EXERCISE BRIEF: Set down all of the data that follows word for word, without the images.

RECORDS FOR THIS EXERCISE:

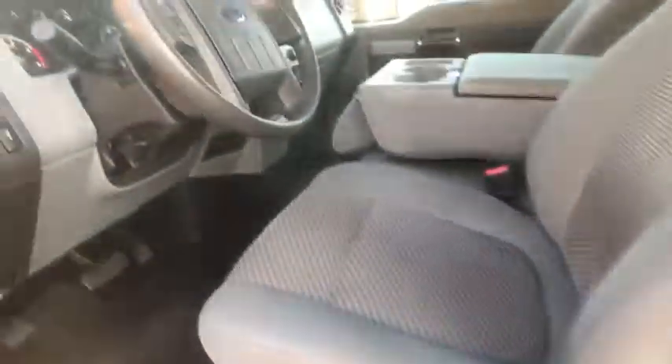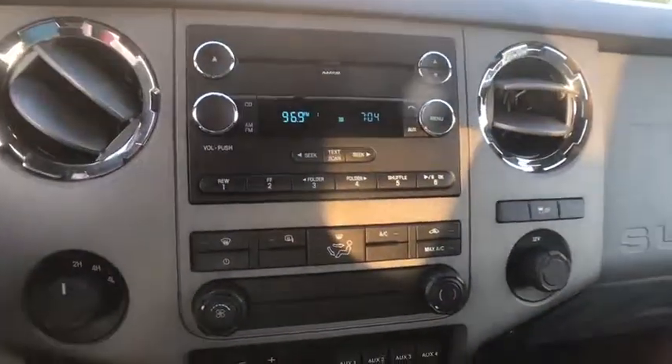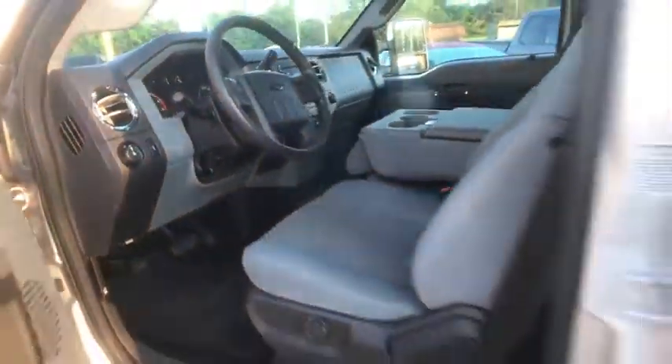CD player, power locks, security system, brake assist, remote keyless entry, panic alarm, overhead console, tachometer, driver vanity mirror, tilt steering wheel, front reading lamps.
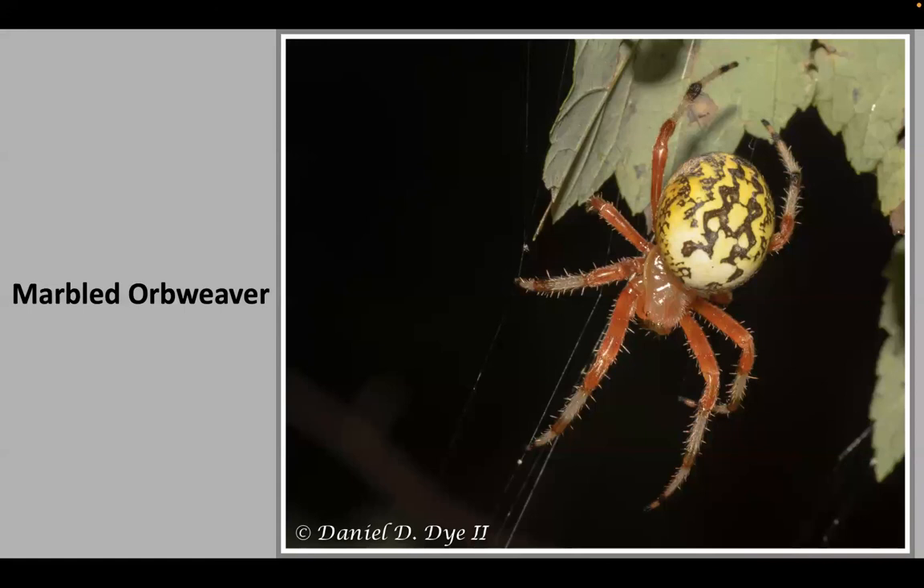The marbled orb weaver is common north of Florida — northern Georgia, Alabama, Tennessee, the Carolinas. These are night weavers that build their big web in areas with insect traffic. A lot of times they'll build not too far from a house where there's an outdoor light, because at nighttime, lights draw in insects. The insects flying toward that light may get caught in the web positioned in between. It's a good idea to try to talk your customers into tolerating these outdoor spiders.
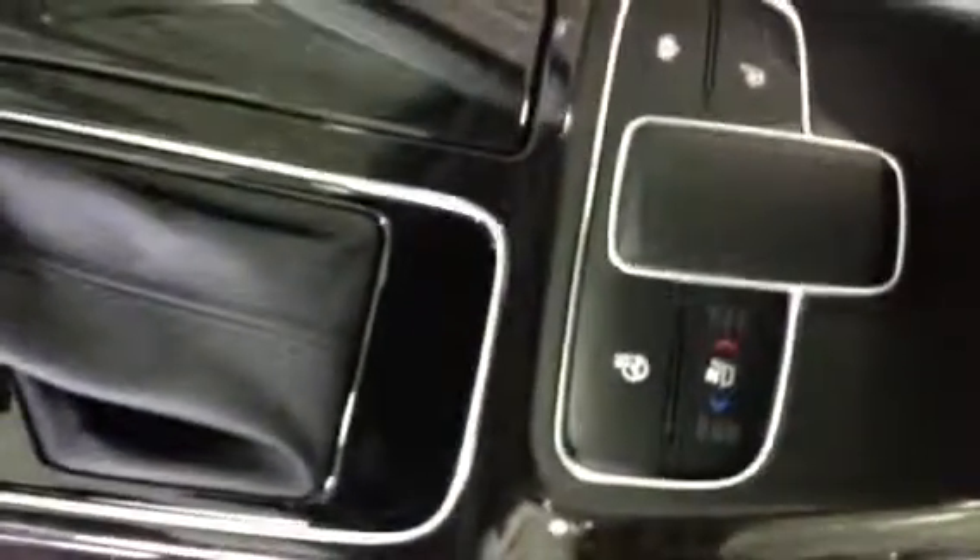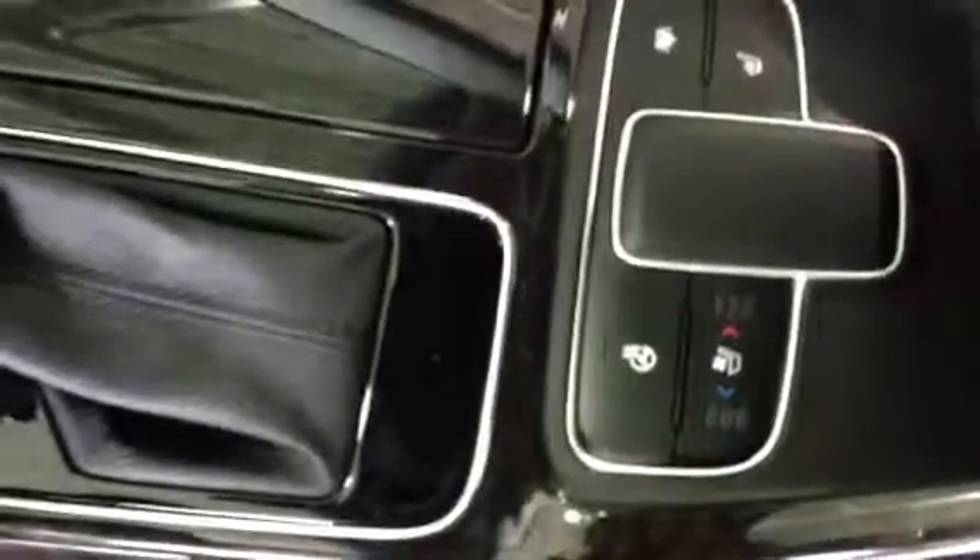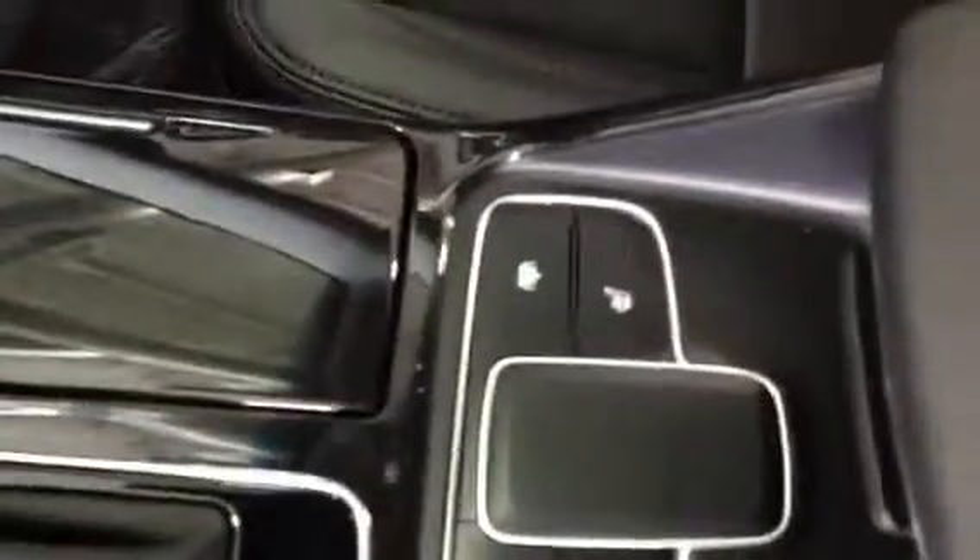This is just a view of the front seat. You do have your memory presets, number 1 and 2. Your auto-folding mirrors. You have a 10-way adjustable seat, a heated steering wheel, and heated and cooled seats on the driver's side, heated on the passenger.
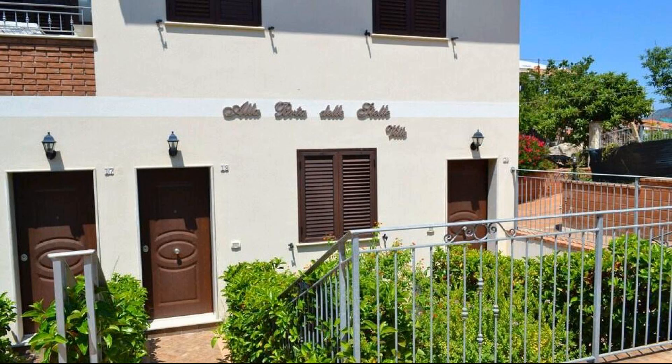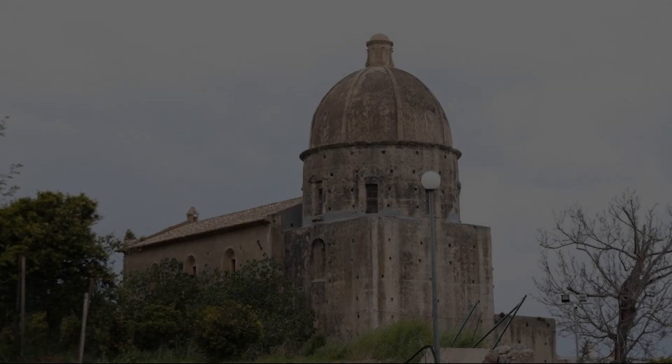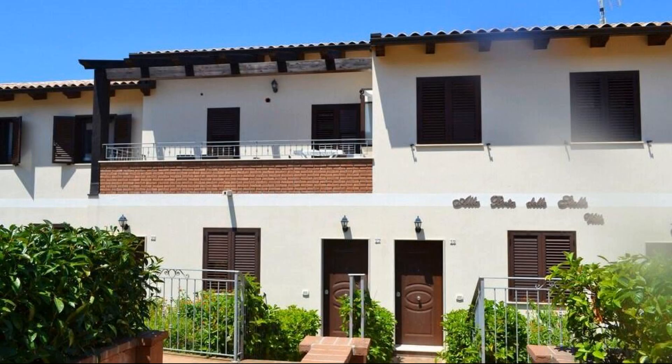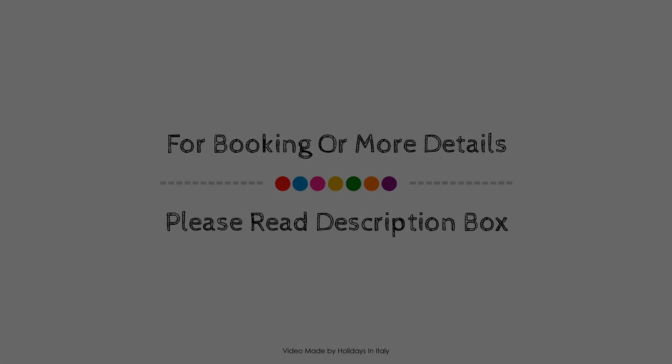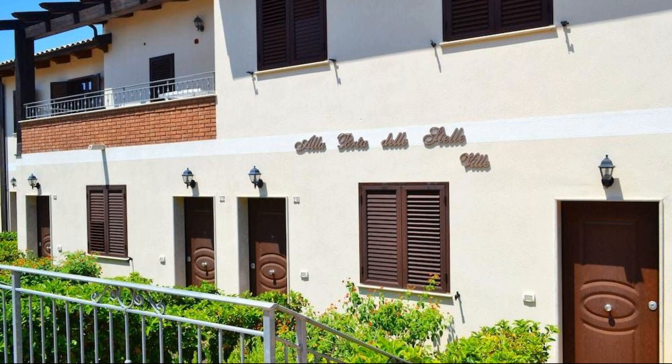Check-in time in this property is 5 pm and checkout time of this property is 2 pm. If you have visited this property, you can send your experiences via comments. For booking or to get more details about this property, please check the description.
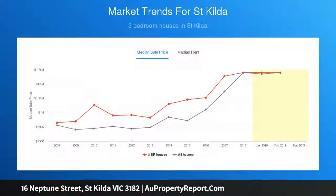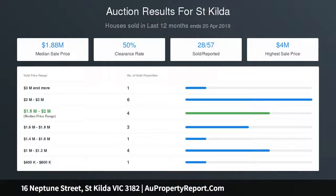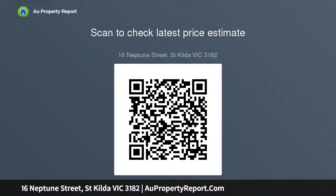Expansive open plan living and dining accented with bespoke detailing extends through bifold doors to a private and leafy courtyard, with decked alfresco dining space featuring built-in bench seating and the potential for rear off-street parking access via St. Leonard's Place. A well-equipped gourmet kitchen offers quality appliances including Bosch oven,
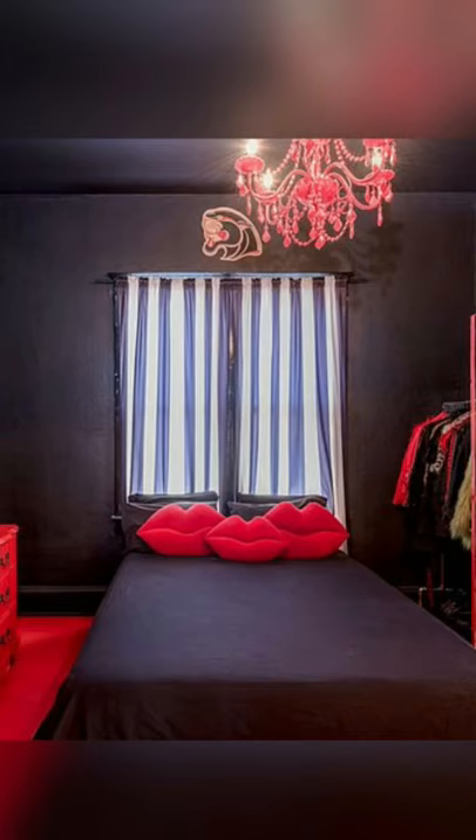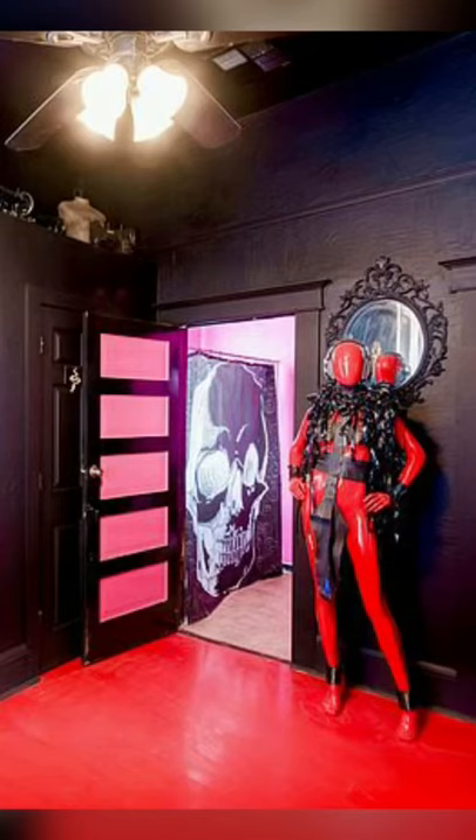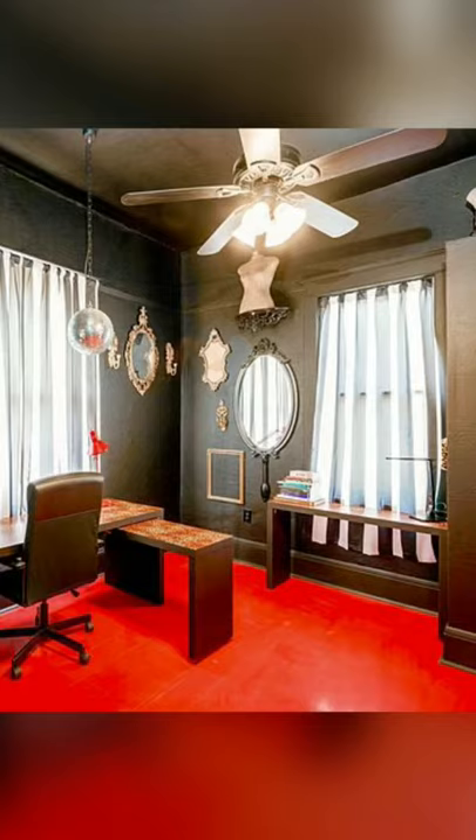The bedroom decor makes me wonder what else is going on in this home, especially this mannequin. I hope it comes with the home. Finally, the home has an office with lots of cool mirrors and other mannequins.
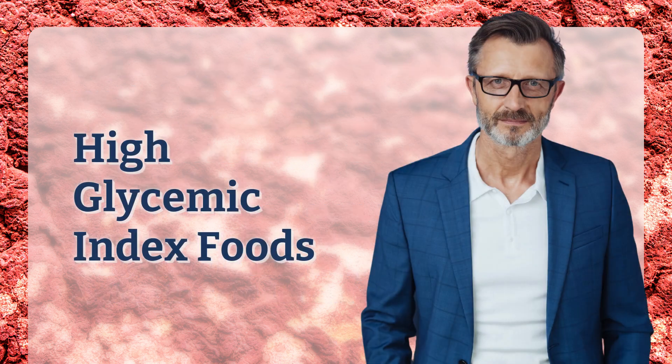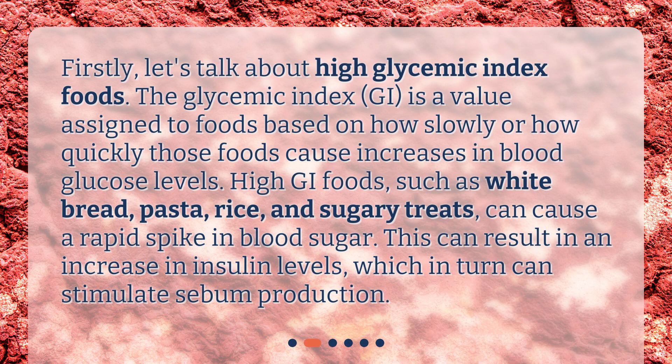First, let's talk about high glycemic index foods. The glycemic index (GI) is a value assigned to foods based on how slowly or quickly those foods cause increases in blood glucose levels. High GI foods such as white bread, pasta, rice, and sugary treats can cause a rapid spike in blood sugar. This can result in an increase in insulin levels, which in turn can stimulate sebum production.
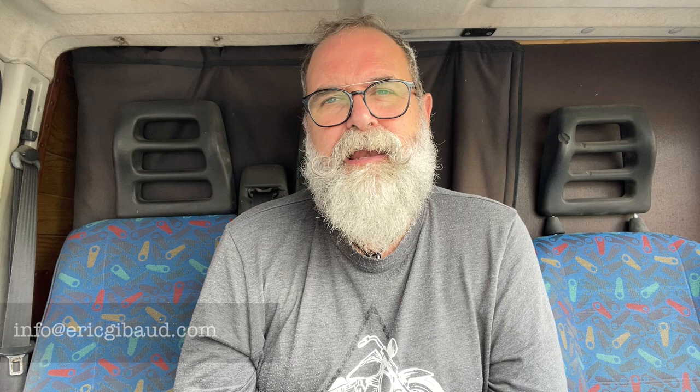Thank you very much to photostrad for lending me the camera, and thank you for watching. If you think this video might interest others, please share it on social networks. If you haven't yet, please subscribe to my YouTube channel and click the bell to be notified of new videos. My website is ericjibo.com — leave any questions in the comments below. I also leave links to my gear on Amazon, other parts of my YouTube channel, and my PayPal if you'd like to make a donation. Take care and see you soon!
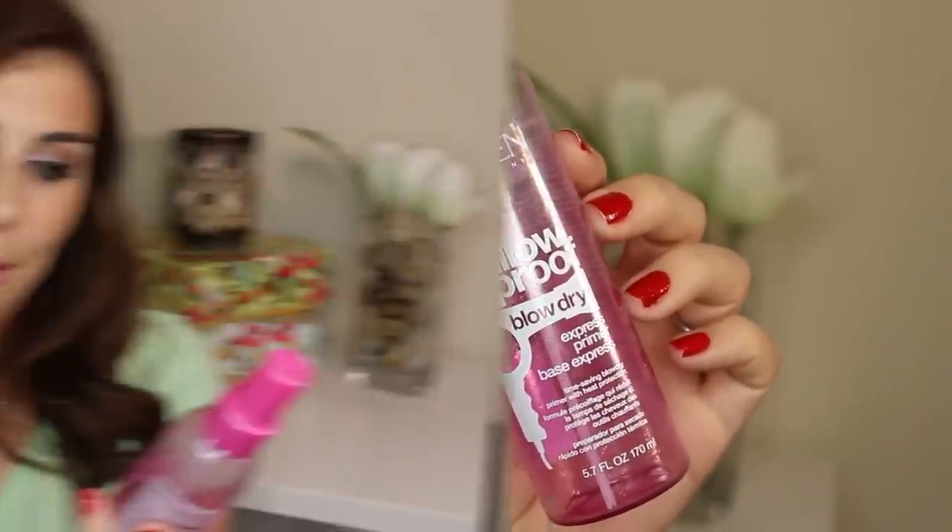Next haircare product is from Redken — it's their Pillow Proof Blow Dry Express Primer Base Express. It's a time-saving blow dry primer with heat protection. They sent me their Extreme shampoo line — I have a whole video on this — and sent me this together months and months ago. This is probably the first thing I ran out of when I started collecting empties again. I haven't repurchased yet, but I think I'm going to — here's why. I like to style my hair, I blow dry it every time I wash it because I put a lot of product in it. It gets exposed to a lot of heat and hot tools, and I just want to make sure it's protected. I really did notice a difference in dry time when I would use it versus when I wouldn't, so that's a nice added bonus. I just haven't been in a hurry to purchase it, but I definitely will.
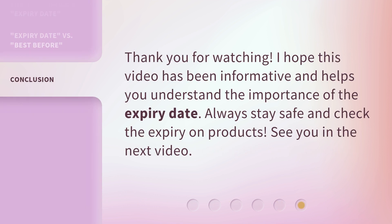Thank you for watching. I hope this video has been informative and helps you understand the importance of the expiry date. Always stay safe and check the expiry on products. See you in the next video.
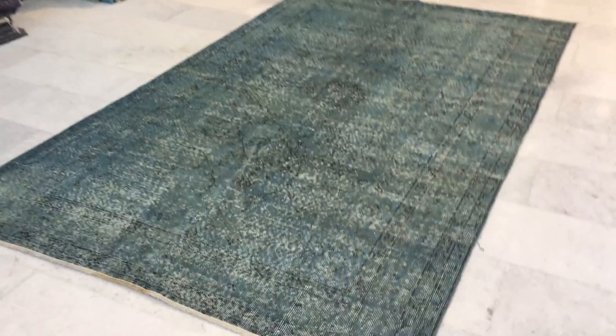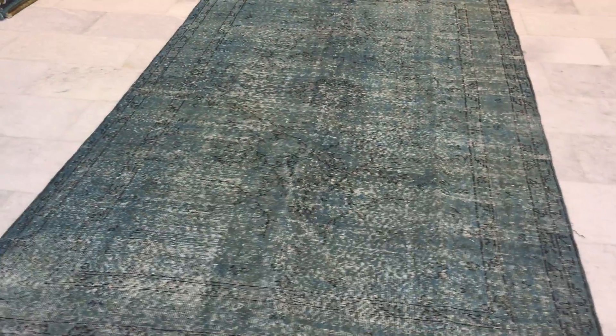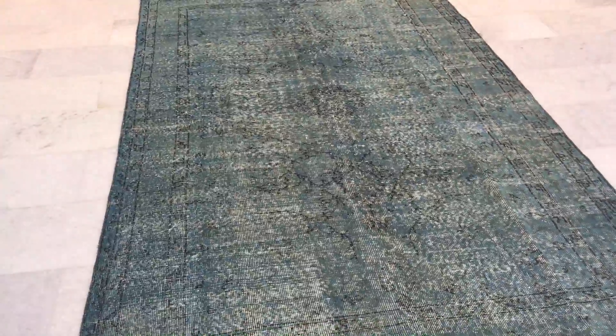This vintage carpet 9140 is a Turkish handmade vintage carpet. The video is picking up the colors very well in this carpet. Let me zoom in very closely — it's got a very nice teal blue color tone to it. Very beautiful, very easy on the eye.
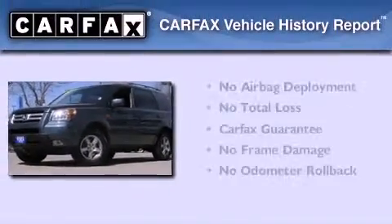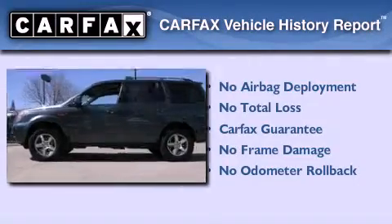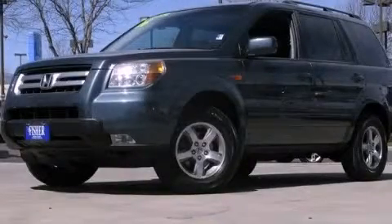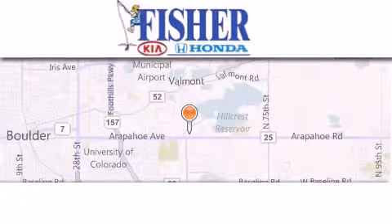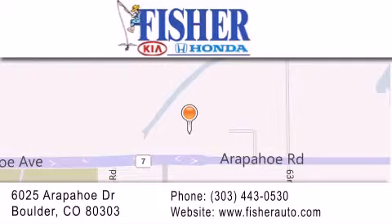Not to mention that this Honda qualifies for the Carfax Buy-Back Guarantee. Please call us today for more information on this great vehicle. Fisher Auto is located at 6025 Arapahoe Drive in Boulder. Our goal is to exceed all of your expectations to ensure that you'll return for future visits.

WRITTEN RESPONSE:
CD player, power locks, security system, brake assist, remote keyless entry, panic alarm, overhead console, tachometer, driver vanity mirror, tilt steering wheel, front reading lamps.
The marbled orb weaver is common north of Florida — northern Georgia, Alabama, Tennessee, the Carolinas. These are night weavers that build their big web in areas with insect traffic. A lot of times they'll build not too far from a house where there's an outdoor light, because at nighttime, lights draw in insects. The insects flying toward that light may get caught in the web positioned in between. It's a good idea to try to talk your customers into tolerating these outdoor spiders.
This is just a view of the front seat. You do have your memory presets, number 1 and 2. Your auto-folding mirrors. You have a 10-way adjustable seat, a heated steering wheel, and heated and cooled seats on the driver's side, heated on the passenger.
Check-in time in this property is 5 pm and checkout time of this property is 2 pm. If you have visited this property, you can send your experiences via comments. For booking or to get more details about this property, please check the description.
Expansive open plan living and dining accented with bespoke detailing extends through bifold doors to a private and leafy courtyard, with decked alfresco dining space featuring built-in bench seating and the potential for rear off-street parking access via St. Leonard's Place. A well-equipped gourmet kitchen offers quality appliances including Bosch oven,
The bedroom decor makes me wonder what else is going on in this home, especially this mannequin. I hope it comes with the home. Finally, the home has an office with lots of cool mirrors and other mannequins.
First, let's talk about high glycemic index foods. The glycemic index (GI) is a value assigned to foods based on how slowly or quickly those foods cause increases in blood glucose levels. High GI foods such as white bread, pasta, rice, and sugary treats can cause a rapid spike in blood sugar. This can result in an increase in insulin levels, which in turn can stimulate sebum production.
Thank you very much to photostrad for lending me the camera, and thank you for watching. If you think this video might interest others, please share it on social networks. If you haven't yet, please subscribe to my YouTube channel and click the bell to be notified of new videos. My website is ericjibo.com — leave any questions in the comments below. I also leave links to my gear on Amazon, other parts of my YouTube channel, and my PayPal if you'd like to make a donation. Take care and see you soon!
Next haircare product is from Redken — it's their Pillow Proof Blow Dry Express Primer Base Express. It's a time-saving blow dry primer with heat protection. They sent me their Extreme shampoo line — I have a whole video on this — and sent me this together months and months ago. This is probably the first thing I ran out of when I started collecting empties again. I haven't repurchased yet, but I think I'm going to — here's why. I like to style my hair, I blow dry it every time I wash it because I put a lot of product in it. It gets exposed to a lot of heat and hot tools, and I just want to make sure it's protected. I really did notice a difference in dry time when I would use it versus when I wouldn't, so that's a nice added bonus. I just haven't been in a hurry to purchase it, but I definitely will.
Thank you for watching. I hope this video has been informative and helps you understand the importance of the expiry date. Always stay safe and check the expiry on products. See you in the next video.
This vintage carpet 9140 is a Turkish handmade vintage carpet. The video is picking up the colors very well in this carpet. Let me zoom in very closely — it's got a very nice teal blue color tone to it. Very beautiful, very easy on the eye.
Not to mention that this Honda qualifies for the Carfax Buy-Back Guarantee. Please call us today for more information on this great vehicle. Fisher Auto is located at 6025 Arapahoe Drive in Boulder. Our goal is to exceed all of your expectations to ensure that you'll return for future visits.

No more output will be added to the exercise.